Mandatory Access Control (MAC)

With access control lists, subjects are in control: they set access permissions to their objects This is called Discretionary Access Control, or DAC. A user can set access rights to give access to a file to any other subject. For instance a user may run the command

chmod o+rw secret.docx

and give read-write access for the file to everyone. Access control lists were designed to work this way. However, this model does not work in environments where management needs to enforce its policies and define access permissions. Also, when access rights are associated with objects, it becomes difficult to turn off access for a specific subject except by locking the the user (e.g., disabling their account). The alternative is to go though each object in the system, check if the user is in the ACL for that object, and remove the user from the ACL.

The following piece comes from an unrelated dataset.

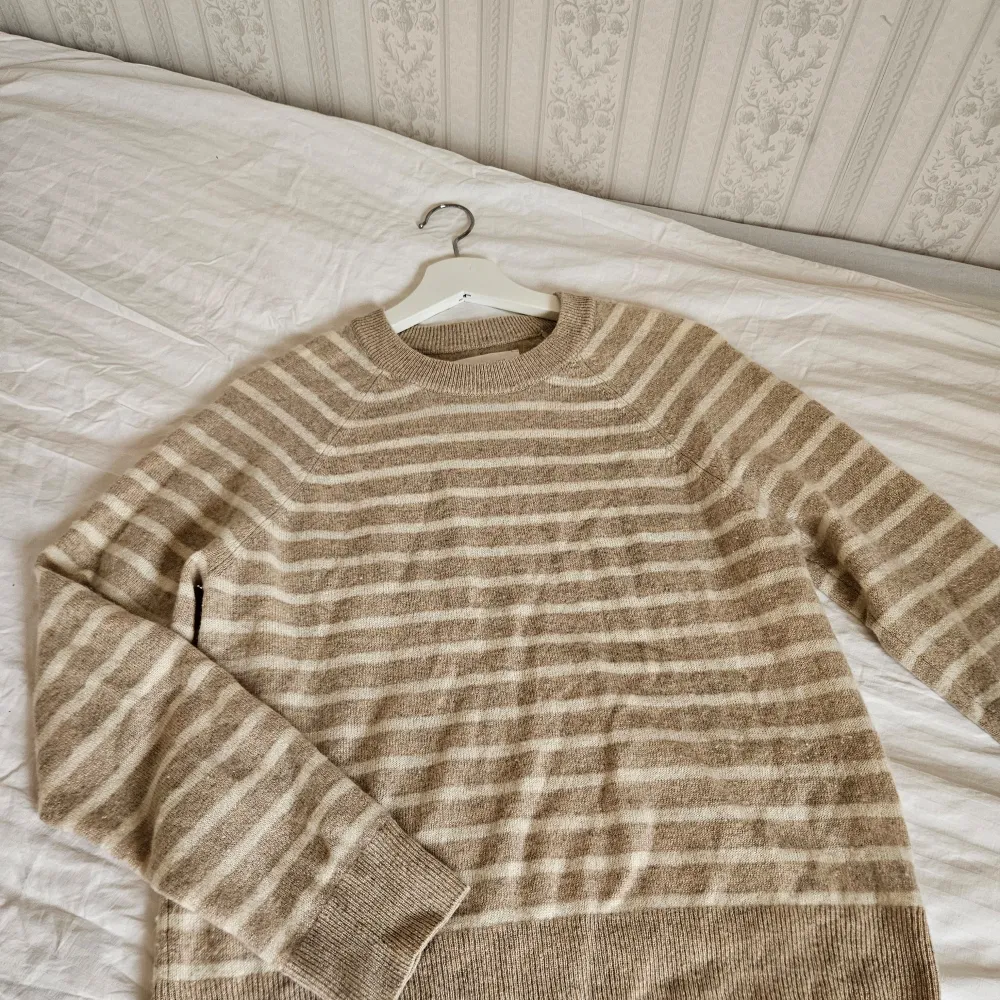 Säljer en mysig beige och vit randig tröja med långa ärmar i 100% kashmir. Så fin till en stilren outfit! Nypris 1800 kr från Samsøe. Mycket bra skick - knappt använd 🩷. Neuletakit & Villapaidat.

Mandatory Access Control (MAC) is a form of access control where policy is centrally enforced and users cannot override the policy. With MAC, administrators are in charge of access permissions.

MLS: Multi-Level Security Systems

Figure 7. Bell-Lapadula MLS access model
Figure 7. Bell-Lapadula MLS access model

Multi-level security systems were designed to handle multiple levels of classified data in one system. The Bell-LaPadula model is the best known of these systems. It was originally designed for the U.S. Navy to enable users with different classification levels to use a single, shared computer system. The military uses four classification levels: unclassified, confidential, secret, and top secret. You do not have access to information above your clearance and you cannot create information below your clearance.

With the Bell-LaPadula model, every object is assigned one of those four sensitivity levels. Every user is also associated with a clearance at one of those levels. If you have confidential clearance, you can read confidential and unclassified data but you cannot read anything of a higher clearance level: secret and top secret. You can create data at confidential, secret, and top-secret levels (yes, you can create files that you will not be allowed to read) but you cannot create unclassified data. The motivation for this model is confidentiality – the prevention of information leakage. If a piece of software is hacked or a user account is compromised, it will not be able to leak data from higher classification levels.

Bell-LaPadula is summarized as _no read up; no write down. You cannot read from a higher clearance level or write to a lower clearance level. More formally, the Bell-LaPadula model has three properties:

1. The Simple Security Property
A subject cannot read from a higher security level (no read up, NRU)
2. The *-Property (Star Property)
A subject cannot write to a lower security level (no write down, NWD)
3. The Discretionary Security Property
Discretionary access control (e.g., access control lists) can be used with the model after mandatory access controls are enforced. This means that you can, for example, block read-write access to your files and users who would have clearance to access those files will be disallowed access.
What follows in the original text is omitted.